L'article L441-10 du Code de commerce prévoit, sauf dispositions contraires des parties, des délais de paiement plafonds de principe comme suit :

- 30 jours après la date de réception des marchandises ou d'exécution de la prestation ;

- 60 jours après la date d'émission de la facture ;

Par exception, il est possible de stipuler un délai de paiement maximal de 45 jours fin de mois après la date d'émission de la facture sauf abus manifeste à l'égard du créancier. Enfin, le délai convenu ne peut excéder 45 jours après l'émission de la facture lorsqu'il s'agit d'une facture périodique. Ces délais sont assez stricts puisqu'ils correspondent aux délais les plus courts suggérés aux Etats membre de l'Union européenne dans une directive 2011/7/UE du 16 février 2011 de lutte contre les retards de paiement dans les transactions commerciales.

En outre, le non-respect de ces délais est lourdement sanctionné par une peine d'amende pouvant aller jusqu'à 2 millions. Cette condamnation pouvant également être publiée sur le site de la DGCCRF.

Ces délais sont-ils applicables dans le cadre d'une vente internationale ?

La DGCCRF, comme la jurisprudence n'ayant jamais pris de position claire à ce sujet, la question se pose de l'application du droit français concernant les délais de paiement entre professionnels dans le cadre d'une relation contractuelle internationale.
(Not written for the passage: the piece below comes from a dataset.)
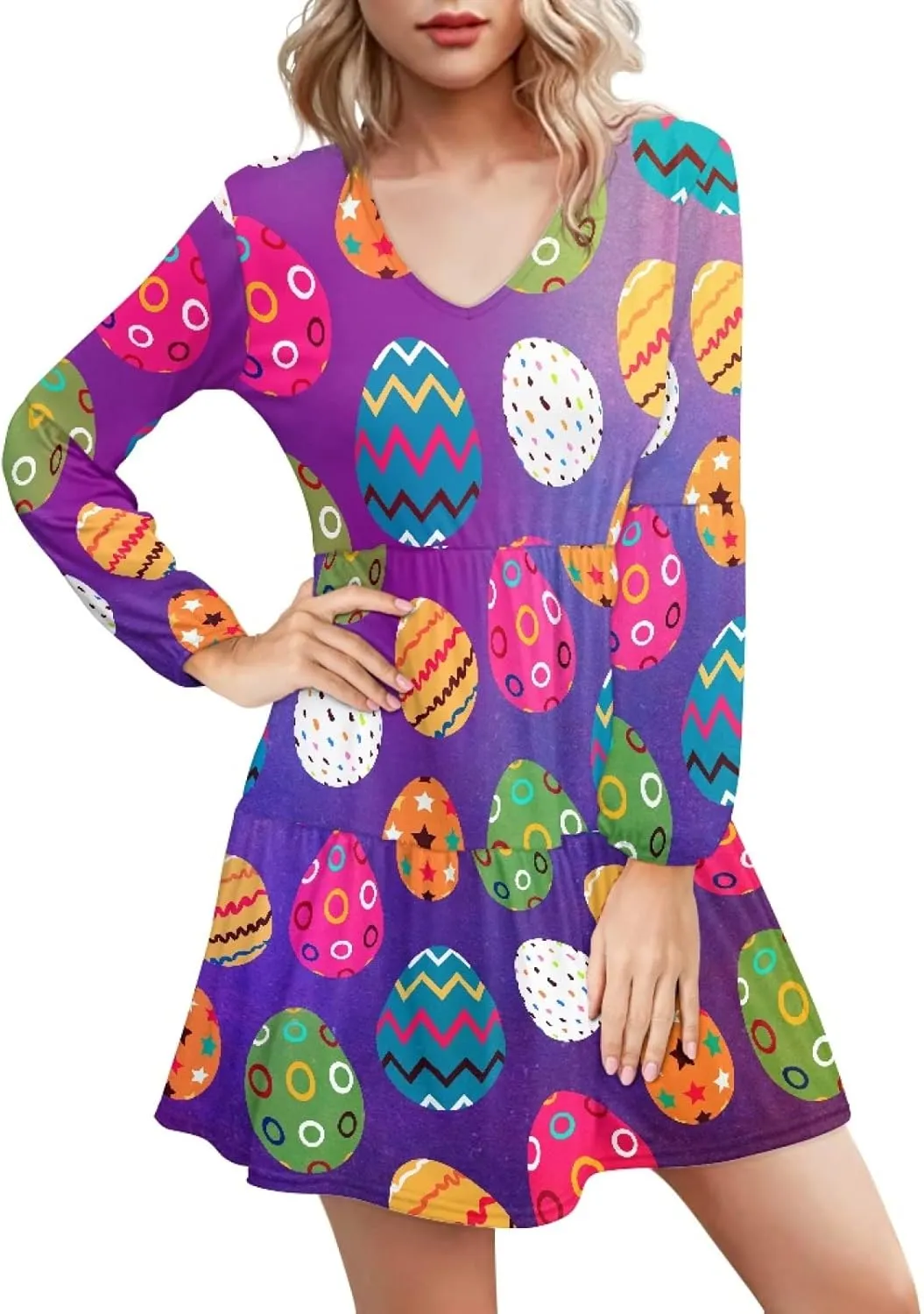 Bengbobar 2024 Easter Dress for Women Long Sleeve Easter Eggs Shift Dresses Spring Bunny Casual Elegant V Neck Vintage Dress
Dans ce type de situation, la "soft law", bien que non contraignante, peut-être d'une aide précieuse ! A ce titre, la Commission d'examen des pratiques commerciales ou CEPC a récemment rendu plusieurs avis qui sont venus affirmer la possibilité, dans certains cas, de considérer l'article L441-10 du Code de commerce comme une loi de police au sens du règlement Rome I dès lors que la relation commerciale fait état d'un lien manifeste avec le territoire français. Ce faisant, les dispositions de la loi française primeraient donc en matière de délais de paiement quelle que soit la loi choisie par les parties pour régir le contrat.

Dans un avis n° 21-1 du 18 mars 2021, d'abord, cette solution a été envisagée dans le cadre de la relation commerciale nouée entre un fournisseur français et un acheteur étranger. La CEPC a ensuite étoffé sa position dans son avis n° 21-3 du 2 avril 2021. La question restait cependant entière concernant la situation contraire, c'est-à-dire lorsqu'il s'agit d'un fournisseur étranger et d'un acheteur français.

Le cas du contrat de vente conclu entre un acheteur français et un fournisseur étranger a été évoqué peu après dans un avis n° 21-9 du 9 juillet 2021. La CEPC a adopté à cette occasion une position constante sur le fait que le contrat soumis à la Convention des Nations Unies sur les contrats de vente internationale de marchandises (CVIM) de 1980 dite Convention de Vienne ne pouvait se voir appliquer les délais plafonds du Code de commerce, en émettant toutefois la réserve selon laquelle les délais constitueraient un abus manifeste à l'égard du créancier.

On peut donc s'interroger sur l'entérinement futur d'un ordre public économique du fait des recommandations non obligatoires de certains organes qui pourraient cependant être à l'origine d'évolutions législatives en la matière.